I'm taking Discrete Mathematics this semester and I got this question in one of my homework tasks. I've tried thinking about the solution over and over but can't seem to come up with anything. The question goes like this:

Is there a surjective function from $[0,1] \setminus \{0.5\}$ to $[0,1]$ such that $f(a)>f(b)$ implies $a>b$?

I must mention that sadly I cannot use any arguments involving cardinality.

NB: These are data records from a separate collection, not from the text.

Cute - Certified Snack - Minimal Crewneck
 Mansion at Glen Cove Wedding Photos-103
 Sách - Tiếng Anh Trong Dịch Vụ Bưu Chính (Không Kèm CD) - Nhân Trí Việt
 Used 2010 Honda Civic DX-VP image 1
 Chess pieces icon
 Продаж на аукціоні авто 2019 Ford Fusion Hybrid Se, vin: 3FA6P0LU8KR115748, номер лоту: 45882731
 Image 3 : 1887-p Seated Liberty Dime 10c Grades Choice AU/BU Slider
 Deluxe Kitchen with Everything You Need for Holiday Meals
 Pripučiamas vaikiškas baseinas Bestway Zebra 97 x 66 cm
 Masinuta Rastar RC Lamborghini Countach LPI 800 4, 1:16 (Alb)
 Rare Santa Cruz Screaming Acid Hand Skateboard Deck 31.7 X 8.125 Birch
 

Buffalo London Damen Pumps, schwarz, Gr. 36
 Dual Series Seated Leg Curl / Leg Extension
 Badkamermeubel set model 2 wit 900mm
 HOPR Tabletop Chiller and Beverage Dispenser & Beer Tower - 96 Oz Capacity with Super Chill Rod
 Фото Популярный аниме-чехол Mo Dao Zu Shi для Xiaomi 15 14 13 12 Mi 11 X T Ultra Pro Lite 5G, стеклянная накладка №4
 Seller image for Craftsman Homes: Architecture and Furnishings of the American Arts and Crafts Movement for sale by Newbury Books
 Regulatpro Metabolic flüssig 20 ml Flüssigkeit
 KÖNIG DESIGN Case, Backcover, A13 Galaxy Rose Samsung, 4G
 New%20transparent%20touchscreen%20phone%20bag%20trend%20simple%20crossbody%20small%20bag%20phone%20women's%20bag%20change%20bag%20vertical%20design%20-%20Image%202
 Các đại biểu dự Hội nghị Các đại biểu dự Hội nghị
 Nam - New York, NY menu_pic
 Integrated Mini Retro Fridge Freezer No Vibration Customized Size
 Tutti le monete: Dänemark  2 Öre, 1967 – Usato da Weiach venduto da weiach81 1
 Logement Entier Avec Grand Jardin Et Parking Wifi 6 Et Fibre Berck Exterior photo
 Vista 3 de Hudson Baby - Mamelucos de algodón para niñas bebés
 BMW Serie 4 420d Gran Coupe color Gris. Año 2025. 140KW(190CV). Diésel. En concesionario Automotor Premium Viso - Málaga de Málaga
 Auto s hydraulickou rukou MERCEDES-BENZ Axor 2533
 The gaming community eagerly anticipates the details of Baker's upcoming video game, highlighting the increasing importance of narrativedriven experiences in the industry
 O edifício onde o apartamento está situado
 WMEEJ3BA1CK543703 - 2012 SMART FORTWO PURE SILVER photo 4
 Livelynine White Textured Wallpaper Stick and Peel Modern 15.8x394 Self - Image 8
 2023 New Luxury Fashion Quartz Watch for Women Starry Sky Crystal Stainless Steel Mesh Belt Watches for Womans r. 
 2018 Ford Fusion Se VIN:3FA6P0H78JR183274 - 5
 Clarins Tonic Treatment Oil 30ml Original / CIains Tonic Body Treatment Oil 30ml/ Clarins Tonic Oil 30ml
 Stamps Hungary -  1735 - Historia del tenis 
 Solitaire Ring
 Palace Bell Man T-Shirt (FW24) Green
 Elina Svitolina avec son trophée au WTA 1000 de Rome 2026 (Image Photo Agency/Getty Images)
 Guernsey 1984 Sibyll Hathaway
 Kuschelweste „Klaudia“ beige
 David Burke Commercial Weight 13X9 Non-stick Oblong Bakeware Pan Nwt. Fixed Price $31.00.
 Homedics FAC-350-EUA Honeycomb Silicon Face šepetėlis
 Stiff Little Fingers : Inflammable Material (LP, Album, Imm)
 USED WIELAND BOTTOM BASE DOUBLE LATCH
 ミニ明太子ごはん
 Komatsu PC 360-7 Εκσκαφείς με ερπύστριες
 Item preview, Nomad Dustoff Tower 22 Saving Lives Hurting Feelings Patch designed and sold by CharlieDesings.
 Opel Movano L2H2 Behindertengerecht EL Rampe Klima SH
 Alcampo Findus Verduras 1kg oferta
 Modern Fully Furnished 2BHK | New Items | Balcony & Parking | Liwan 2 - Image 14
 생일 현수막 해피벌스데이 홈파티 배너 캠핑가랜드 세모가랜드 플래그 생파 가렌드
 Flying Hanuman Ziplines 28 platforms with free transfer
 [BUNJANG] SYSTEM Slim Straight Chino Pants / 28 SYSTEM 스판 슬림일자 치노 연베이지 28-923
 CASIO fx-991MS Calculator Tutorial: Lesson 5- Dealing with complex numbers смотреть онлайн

  • $\begingroup$ Hint: Intuitively you might come to the conclusion that such a function $f$ has to "miss" at least one value in $[0,1]$. How would you characterize this value in terms of $f$? $\endgroup$ – Did Dec 5 '16 at 13:07
  • $\begingroup$ Assume such a function exists. Surjectivity implies that at least one argument maps onto $\frac{1}{2}$. What can you say about that argument? $\endgroup$ – R.G. Dec 5 '16 at 13:20
  • $\begingroup$ The correct statement of the exercise is: "...such that $a<b$ implies $f(a)<f(b)$". Please check your notes. $\endgroup$ – Did Dec 5 '16 at 14:05
  • $\begingroup$ @R.G. Not much... :-) $\endgroup$ – Did Dec 5 '16 at 14:05
  • $\begingroup$ @Did Hey! Sorry for my English :) it's written like this: F(a)>F(b) -> a>b $\endgroup$ – user396201 Dec 5 '16 at 14:07

How about you map all values $x \in [0,0.1]$ to $10x$, and all others to 1?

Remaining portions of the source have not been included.